DIRECTIONS FOR THIS TASK
The reply should consist of the full listing, written out exactly.

INFORMATION SHOWN
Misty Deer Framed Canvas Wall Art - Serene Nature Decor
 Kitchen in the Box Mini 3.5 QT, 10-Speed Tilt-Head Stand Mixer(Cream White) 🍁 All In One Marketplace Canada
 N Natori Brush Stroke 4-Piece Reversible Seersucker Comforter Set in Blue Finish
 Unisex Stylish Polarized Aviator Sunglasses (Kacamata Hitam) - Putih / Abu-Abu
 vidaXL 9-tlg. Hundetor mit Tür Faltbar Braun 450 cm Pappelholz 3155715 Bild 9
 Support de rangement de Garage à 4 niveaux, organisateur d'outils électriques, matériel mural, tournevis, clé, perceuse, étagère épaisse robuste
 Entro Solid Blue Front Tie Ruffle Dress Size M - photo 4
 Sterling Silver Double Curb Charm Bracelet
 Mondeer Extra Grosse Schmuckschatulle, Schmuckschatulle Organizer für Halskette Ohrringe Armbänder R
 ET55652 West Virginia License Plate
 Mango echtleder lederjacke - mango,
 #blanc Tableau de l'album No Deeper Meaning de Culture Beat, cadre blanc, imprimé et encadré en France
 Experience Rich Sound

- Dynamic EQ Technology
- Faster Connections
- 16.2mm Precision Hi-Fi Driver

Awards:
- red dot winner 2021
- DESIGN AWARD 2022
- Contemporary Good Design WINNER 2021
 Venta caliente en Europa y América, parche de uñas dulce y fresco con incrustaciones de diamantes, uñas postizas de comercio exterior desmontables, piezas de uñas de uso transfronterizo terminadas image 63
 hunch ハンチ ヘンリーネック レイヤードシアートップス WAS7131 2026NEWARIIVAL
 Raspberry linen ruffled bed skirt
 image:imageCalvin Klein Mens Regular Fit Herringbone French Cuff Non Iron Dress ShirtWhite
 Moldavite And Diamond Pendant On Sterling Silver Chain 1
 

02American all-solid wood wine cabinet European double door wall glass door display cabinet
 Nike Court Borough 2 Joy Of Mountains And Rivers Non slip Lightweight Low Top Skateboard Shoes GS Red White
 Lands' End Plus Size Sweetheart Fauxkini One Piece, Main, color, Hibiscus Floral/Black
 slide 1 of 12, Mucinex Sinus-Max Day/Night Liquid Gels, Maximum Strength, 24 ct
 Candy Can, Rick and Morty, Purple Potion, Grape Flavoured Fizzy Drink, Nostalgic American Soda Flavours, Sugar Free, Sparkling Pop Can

EXERCISE RESPONSE
Misty Deer Framed Canvas Wall Art - Serene Nature Decor
 Kitchen in the Box Mini 3.5 QT, 10-Speed Tilt-Head Stand Mixer(Cream White) 🍁 All In One Marketplace Canada
 N Natori Brush Stroke 4-Piece Reversible Seersucker Comforter Set in Blue Finish
 Unisex Stylish Polarized Aviator Sunglasses (Kacamata Hitam) - Putih / Abu-Abu
 vidaXL 9-tlg. Hundetor mit Tür Faltbar Braun 450 cm Pappelholz 3155715 Bild 9
 Support de rangement de Garage à 4 niveaux, organisateur d'outils électriques, matériel mural, tournevis, clé, perceuse, étagère épaisse robuste
 Entro Solid Blue Front Tie Ruffle Dress Size M - photo 4
 Sterling Silver Double Curb Charm Bracelet
 Mondeer Extra Grosse Schmuckschatulle, Schmuckschatulle Organizer für Halskette Ohrringe Armbänder R
 ET55652 West Virginia License Plate
 Mango echtleder lederjacke - mango,
 #blanc Tableau de l'album No Deeper Meaning de Culture Beat, cadre blanc, imprimé et encadré en France
 Experience Rich Sound

- Dynamic EQ Technology
- Faster Connections
- 16.2mm Precision Hi-Fi Driver

Awards:
- red dot winner 2021
- DESIGN AWARD 2022
- Contemporary Good Design WINNER 2021
 Venta caliente en Europa y América, parche de uñas dulce y fresco con incrustaciones de diamantes, uñas postizas de comercio exterior desmontables, piezas de uñas de uso transfronterizo terminadas image 63
 hunch ハンチ ヘンリーネック レイヤードシアートップス WAS7131 2026NEWARIIVAL
 Raspberry linen ruffled bed skirt
 image:imageCalvin Klein Mens Regular Fit Herringbone French Cuff Non Iron Dress ShirtWhite
 Moldavite And Diamond Pendant On Sterling Silver Chain 1
 

02American all-solid wood wine cabinet European double door wall glass door display cabinet
 Nike Court Borough 2 Joy Of Mountains And Rivers Non slip Lightweight Low Top Skateboard Shoes GS Red White
 Lands' End Plus Size Sweetheart Fauxkini One Piece, Main, color, Hibiscus Floral/Black
 slide 1 of 12, Mucinex Sinus-Max Day/Night Liquid Gels, Maximum Strength, 24 ct
 Candy Can, Rick and Morty, Purple Potion, Grape Flavoured Fizzy Drink, Nostalgic American Soda Flavours, Sugar Free, Sparkling Pop Can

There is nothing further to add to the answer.